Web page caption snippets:
* * * * *
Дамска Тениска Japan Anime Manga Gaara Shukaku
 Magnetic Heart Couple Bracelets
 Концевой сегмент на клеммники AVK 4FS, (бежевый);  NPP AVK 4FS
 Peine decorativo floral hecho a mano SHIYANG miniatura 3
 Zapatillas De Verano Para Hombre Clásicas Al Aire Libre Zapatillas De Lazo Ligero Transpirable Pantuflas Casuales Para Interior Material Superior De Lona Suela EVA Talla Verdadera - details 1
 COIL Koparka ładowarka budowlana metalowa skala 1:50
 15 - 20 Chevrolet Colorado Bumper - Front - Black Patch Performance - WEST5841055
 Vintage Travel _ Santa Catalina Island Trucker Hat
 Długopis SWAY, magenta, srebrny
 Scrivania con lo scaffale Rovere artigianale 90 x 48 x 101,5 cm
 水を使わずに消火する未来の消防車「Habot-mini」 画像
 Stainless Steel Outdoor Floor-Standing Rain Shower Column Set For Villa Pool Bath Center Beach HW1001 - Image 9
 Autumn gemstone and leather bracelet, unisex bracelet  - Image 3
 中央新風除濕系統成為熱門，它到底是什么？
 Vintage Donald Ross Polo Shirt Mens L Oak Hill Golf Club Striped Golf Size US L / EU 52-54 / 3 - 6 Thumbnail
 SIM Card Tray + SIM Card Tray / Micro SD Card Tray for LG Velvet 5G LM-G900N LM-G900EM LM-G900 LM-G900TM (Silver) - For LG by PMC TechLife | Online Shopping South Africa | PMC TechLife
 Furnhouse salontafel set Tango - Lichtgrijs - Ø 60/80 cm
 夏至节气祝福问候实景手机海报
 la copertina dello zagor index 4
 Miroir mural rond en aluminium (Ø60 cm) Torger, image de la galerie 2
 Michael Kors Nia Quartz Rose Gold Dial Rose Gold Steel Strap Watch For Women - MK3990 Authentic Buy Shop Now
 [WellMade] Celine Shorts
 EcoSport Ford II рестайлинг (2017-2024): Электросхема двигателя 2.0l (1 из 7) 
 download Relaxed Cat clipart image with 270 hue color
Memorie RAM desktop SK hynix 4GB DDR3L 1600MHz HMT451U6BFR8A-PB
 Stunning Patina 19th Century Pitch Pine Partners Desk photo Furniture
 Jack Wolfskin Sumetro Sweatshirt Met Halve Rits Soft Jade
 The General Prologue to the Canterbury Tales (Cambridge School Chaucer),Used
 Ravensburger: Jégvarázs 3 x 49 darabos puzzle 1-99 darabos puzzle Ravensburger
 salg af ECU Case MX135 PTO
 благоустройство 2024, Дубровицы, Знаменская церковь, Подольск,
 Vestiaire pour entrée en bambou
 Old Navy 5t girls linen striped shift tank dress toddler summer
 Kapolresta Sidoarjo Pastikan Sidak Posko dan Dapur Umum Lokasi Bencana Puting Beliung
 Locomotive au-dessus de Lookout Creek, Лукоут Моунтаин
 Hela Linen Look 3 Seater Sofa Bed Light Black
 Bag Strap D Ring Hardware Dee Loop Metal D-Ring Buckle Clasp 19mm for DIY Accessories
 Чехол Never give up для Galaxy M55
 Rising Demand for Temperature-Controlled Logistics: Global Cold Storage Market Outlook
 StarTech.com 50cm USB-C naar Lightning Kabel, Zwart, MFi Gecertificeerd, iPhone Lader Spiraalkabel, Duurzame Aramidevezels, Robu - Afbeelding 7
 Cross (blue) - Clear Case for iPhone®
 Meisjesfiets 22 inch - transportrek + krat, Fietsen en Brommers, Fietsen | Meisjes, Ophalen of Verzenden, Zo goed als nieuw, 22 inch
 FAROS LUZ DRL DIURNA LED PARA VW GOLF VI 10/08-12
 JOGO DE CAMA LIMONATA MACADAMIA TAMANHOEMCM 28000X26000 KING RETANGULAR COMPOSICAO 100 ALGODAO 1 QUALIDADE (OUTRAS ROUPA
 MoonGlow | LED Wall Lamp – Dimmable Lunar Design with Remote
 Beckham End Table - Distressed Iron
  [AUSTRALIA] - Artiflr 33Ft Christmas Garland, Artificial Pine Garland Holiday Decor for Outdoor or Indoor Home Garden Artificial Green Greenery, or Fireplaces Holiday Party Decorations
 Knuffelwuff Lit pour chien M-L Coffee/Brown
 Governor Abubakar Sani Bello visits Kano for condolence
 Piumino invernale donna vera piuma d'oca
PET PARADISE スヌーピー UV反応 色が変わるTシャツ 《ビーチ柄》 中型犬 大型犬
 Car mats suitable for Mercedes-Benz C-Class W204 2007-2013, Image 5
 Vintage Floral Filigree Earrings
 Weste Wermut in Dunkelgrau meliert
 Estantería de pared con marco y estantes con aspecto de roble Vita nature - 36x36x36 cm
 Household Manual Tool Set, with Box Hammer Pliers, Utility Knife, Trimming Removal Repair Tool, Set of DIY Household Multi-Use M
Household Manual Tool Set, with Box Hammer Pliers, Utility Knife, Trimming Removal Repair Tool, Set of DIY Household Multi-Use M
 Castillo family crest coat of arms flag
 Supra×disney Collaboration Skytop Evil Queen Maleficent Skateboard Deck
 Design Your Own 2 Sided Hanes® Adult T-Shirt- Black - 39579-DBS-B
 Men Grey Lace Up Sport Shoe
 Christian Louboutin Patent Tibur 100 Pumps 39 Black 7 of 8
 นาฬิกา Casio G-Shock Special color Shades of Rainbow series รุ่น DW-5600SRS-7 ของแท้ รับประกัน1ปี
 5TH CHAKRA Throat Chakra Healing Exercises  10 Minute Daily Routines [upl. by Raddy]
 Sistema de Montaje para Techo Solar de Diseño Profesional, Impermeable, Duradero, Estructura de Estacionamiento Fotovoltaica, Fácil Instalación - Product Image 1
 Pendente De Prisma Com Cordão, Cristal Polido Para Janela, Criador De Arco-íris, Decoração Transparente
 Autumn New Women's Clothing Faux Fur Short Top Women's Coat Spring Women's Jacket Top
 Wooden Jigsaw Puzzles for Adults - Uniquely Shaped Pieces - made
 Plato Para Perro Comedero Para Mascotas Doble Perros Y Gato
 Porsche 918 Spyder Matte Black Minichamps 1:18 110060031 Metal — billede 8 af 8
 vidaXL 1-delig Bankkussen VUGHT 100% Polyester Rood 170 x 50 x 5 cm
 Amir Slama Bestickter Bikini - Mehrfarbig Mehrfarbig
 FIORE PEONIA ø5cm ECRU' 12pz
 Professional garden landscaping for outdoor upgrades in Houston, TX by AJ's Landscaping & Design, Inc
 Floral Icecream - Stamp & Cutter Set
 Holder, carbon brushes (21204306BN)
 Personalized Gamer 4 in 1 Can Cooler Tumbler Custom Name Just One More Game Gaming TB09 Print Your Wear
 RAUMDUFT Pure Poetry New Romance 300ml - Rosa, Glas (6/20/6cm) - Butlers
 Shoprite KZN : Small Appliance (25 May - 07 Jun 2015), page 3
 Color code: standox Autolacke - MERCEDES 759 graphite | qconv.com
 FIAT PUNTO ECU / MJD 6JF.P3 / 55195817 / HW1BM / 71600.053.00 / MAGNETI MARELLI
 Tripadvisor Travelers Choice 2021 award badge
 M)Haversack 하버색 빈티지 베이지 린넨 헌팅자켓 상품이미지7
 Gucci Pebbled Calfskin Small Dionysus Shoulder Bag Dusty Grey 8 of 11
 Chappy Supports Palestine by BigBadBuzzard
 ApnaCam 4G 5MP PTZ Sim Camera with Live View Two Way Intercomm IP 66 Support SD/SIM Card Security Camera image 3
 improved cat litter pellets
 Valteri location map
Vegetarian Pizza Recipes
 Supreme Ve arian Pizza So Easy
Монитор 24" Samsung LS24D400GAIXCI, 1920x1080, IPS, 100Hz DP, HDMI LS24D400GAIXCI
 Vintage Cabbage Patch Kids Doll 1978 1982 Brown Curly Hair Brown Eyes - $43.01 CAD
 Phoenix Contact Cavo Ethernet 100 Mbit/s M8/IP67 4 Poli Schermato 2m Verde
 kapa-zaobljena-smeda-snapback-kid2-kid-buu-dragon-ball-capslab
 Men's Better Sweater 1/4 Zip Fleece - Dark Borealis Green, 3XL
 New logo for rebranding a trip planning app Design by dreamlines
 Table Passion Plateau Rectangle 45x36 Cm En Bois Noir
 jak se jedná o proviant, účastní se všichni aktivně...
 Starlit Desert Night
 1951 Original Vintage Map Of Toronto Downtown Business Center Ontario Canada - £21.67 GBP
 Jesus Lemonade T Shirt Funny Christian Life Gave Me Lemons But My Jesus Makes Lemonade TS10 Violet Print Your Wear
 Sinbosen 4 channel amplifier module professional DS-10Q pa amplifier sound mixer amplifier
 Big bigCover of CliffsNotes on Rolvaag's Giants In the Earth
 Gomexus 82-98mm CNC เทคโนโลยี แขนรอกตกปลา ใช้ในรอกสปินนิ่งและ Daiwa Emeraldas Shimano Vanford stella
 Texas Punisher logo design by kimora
* * * * *
Copy exactly the line that contains "Table Passion Plateau" and every line after it through the end of the entries, with nothing added.

--- The completed task ---
 Table Passion Plateau Rectangle 45x36 Cm En Bois Noir
 jak se jedná o proviant, účastní se všichni aktivně...
 Starlit Desert Night
 1951 Original Vintage Map Of Toronto Downtown Business Center Ontario Canada - £21.67 GBP
 Jesus Lemonade T Shirt Funny Christian Life Gave Me Lemons But My Jesus Makes Lemonade TS10 Violet Print Your Wear
 Sinbosen 4 channel amplifier module professional DS-10Q pa amplifier sound mixer amplifier
 Big bigCover of CliffsNotes on Rolvaag's Giants In the Earth
 Gomexus 82-98mm CNC เทคโนโลยี แขนรอกตกปลา ใช้ในรอกสปินนิ่งและ Daiwa Emeraldas Shimano Vanford stella
 Texas Punisher logo design by kimora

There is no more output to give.